Seminole bats are distributed widely across the Gulf Coast States ranging from East Texas to the Southern Atlantic coast and to the northern parts of Arkansas and North Carolina. Their northern range is limited to a maximum latitude of 42° 27'. There have been some questionable reports of seminole bats in the southern portions of Wisconsin and New York, but these could have simply wandered out of their summer range. During winter, abundance of seminole bats increases in the southern portion of their range and decreases in the northern portion. (Kunz and Racey 1998, Wilhide et al. 1998)
Generally, seminole bats are found in lowland forest stands of mixed deciduous and pine trees. Although several bats may be found hanging together, roosting alone is more common. They hang 1.5 to 6.1 m above the ground on the southwest side of trees, clinging to the inside of clumps of Spanish moss (Tillandsia usneoides), leaves, or loose bark. The area directly below the moss where they hang is clear of other branches. This allows these bats to drop down to begin their flight. The ground beneath them is covered with leaf litter and other organic debris. This reduces the amount of sunlight that is reflected on them when hanging.

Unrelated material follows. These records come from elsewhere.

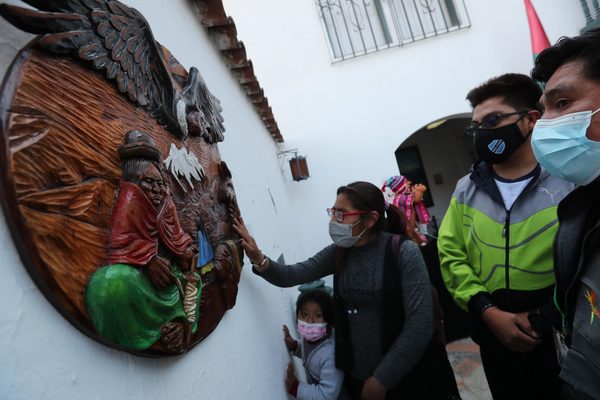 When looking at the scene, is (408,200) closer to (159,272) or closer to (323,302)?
(323,302)

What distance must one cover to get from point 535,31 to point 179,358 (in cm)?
514

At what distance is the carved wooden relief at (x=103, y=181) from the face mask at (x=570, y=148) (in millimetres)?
1075

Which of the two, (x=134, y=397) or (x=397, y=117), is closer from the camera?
(x=134, y=397)

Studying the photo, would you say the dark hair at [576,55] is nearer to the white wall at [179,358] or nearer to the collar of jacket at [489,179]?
the collar of jacket at [489,179]

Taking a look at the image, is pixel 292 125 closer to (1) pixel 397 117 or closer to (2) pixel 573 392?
(1) pixel 397 117

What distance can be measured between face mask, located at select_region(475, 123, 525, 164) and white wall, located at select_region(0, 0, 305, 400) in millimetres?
1103

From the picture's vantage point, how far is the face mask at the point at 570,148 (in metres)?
0.91

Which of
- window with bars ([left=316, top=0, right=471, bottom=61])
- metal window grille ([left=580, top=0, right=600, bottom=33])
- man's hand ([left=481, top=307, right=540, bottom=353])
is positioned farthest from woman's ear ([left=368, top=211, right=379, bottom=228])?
metal window grille ([left=580, top=0, right=600, bottom=33])

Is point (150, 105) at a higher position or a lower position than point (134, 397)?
higher

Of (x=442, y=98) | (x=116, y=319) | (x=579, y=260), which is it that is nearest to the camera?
(x=116, y=319)

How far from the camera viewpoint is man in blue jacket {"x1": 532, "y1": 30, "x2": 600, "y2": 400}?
86 centimetres

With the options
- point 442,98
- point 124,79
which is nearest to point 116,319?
point 124,79

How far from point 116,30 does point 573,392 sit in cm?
153

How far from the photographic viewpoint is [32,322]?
0.45m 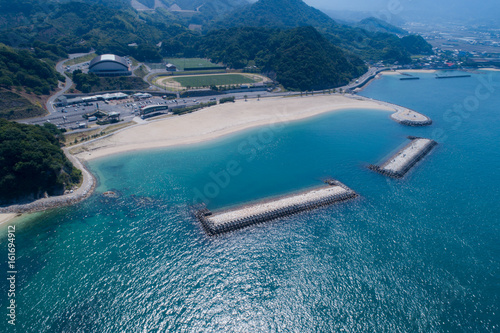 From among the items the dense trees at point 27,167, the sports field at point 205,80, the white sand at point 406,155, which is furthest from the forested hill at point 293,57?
the dense trees at point 27,167

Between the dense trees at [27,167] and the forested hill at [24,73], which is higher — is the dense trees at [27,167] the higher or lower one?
the lower one

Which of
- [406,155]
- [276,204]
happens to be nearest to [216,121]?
[276,204]

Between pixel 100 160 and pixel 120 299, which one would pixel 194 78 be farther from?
pixel 120 299

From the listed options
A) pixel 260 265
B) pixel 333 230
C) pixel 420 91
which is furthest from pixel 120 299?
pixel 420 91

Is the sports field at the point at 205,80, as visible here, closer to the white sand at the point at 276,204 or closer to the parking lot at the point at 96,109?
the parking lot at the point at 96,109

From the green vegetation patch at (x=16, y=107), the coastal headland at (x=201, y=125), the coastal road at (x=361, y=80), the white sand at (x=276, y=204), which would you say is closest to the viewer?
the white sand at (x=276, y=204) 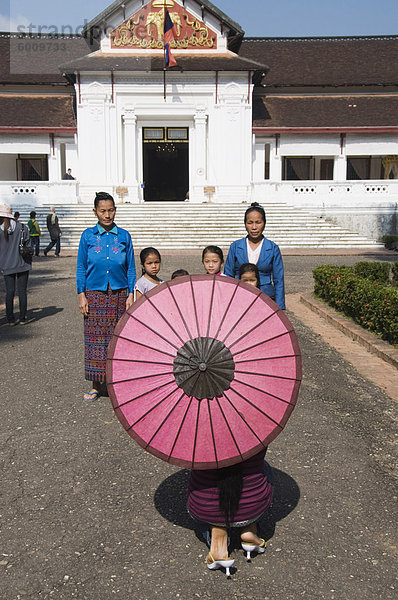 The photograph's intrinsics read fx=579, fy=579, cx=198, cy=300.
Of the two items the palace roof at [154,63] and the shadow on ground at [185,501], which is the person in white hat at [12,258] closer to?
the shadow on ground at [185,501]

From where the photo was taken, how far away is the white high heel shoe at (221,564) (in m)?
2.62

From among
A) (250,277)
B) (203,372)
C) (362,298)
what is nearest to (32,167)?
(362,298)

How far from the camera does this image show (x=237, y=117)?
26.5 metres

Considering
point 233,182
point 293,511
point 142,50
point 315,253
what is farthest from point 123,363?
point 142,50

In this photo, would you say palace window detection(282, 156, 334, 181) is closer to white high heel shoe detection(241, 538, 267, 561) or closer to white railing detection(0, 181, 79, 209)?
white railing detection(0, 181, 79, 209)

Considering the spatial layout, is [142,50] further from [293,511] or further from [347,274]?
[293,511]

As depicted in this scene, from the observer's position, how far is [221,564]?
2639 mm

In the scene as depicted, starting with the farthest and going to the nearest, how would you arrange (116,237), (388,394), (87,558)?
(388,394)
(116,237)
(87,558)

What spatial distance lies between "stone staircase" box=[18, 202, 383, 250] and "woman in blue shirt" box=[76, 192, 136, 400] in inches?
576

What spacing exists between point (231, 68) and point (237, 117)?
6.99ft

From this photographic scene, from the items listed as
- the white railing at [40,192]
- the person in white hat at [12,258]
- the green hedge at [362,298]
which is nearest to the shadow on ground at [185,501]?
the green hedge at [362,298]

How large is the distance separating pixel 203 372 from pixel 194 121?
25.8m

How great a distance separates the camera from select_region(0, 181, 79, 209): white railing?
23469 mm

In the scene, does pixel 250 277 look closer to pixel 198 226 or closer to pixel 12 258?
pixel 12 258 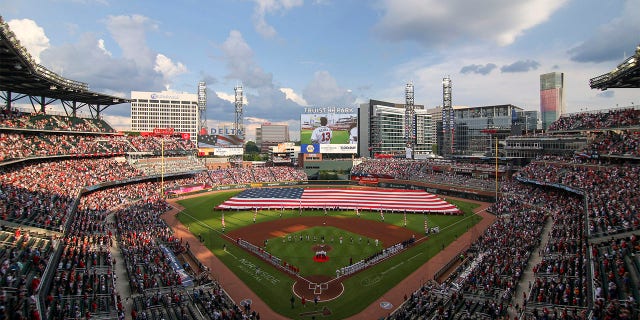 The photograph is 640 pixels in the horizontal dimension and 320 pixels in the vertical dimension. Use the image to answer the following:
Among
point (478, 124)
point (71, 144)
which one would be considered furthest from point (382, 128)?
point (71, 144)

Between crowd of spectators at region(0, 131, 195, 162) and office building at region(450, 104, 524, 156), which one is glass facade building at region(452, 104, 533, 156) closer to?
office building at region(450, 104, 524, 156)

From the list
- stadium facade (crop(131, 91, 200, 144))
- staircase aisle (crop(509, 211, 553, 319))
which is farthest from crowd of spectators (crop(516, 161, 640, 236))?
stadium facade (crop(131, 91, 200, 144))

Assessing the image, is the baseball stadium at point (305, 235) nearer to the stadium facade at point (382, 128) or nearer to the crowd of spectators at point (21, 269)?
the crowd of spectators at point (21, 269)

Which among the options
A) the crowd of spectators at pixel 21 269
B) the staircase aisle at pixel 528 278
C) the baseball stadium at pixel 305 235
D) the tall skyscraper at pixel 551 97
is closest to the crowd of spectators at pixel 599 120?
the baseball stadium at pixel 305 235

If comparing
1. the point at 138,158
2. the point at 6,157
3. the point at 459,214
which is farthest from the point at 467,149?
the point at 6,157

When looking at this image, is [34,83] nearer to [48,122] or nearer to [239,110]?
[48,122]

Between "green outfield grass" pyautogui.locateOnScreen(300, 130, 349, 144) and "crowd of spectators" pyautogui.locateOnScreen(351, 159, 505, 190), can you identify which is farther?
"green outfield grass" pyautogui.locateOnScreen(300, 130, 349, 144)

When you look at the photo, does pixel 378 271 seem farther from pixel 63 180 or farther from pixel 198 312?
pixel 63 180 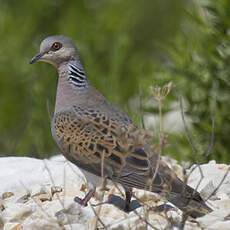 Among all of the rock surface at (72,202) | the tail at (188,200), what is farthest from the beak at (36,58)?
Result: the tail at (188,200)

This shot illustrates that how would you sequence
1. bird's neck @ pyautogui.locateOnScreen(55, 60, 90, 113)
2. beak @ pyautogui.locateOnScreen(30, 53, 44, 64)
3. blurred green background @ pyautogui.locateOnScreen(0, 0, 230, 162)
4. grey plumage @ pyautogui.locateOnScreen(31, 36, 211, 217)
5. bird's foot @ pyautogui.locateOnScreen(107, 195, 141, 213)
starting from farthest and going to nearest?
blurred green background @ pyautogui.locateOnScreen(0, 0, 230, 162) < beak @ pyautogui.locateOnScreen(30, 53, 44, 64) < bird's neck @ pyautogui.locateOnScreen(55, 60, 90, 113) < bird's foot @ pyautogui.locateOnScreen(107, 195, 141, 213) < grey plumage @ pyautogui.locateOnScreen(31, 36, 211, 217)

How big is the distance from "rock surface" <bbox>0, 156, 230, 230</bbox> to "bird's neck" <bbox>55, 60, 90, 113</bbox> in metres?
0.50

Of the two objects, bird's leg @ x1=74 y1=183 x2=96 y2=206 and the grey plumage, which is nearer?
the grey plumage

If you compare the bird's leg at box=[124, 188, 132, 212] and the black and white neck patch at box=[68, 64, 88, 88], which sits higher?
the black and white neck patch at box=[68, 64, 88, 88]

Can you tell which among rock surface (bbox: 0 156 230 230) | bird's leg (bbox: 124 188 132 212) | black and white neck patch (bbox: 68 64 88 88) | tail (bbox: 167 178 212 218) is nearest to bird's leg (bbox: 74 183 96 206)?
rock surface (bbox: 0 156 230 230)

Roosting is more common in pine trees, especially during parturition and lactation. The trees that are selected for roosting are taller and larger in diameter than other trees near the roost area. Selected trees are also tend to be near forest edges that permit easy flight paths. (Constantine 1958 and 1966, Barbour and Davis 1969, Menzel et al. 1998)
Seminole bats range in length from 108 to 114 mm. They weigh approximately 7 to 14 g. Females are slightly larger than males. Body length ranges from 44 to 52 mm with a hindfoot length of 8 to 9 mm and a forearm length of 35 to 45 mm. The short, rounded ear averages 11 mm in height with a very short, rounded tragus.
Seminole bats were long considered to be a subspecies of red bats (Lasiurus borealis). Since they are of similar size and appearance, they are easily confused with each other. The lacrimal shelf, which is not well developed in seminole bats compared to red bats, and color of the fur are the features used to distinguish these species. Seminole bats have rich, mahogany brown pelage with whitish tips. The underside is paler than the back. The throat and chest are whitish. The area under the arms to the wrist and the uropatagium are entirely furred. (Barbour and Davis, 1969; Hall and Kelson, 1959; Laerm, et al., 1999; Wilson and Ruff, 1999)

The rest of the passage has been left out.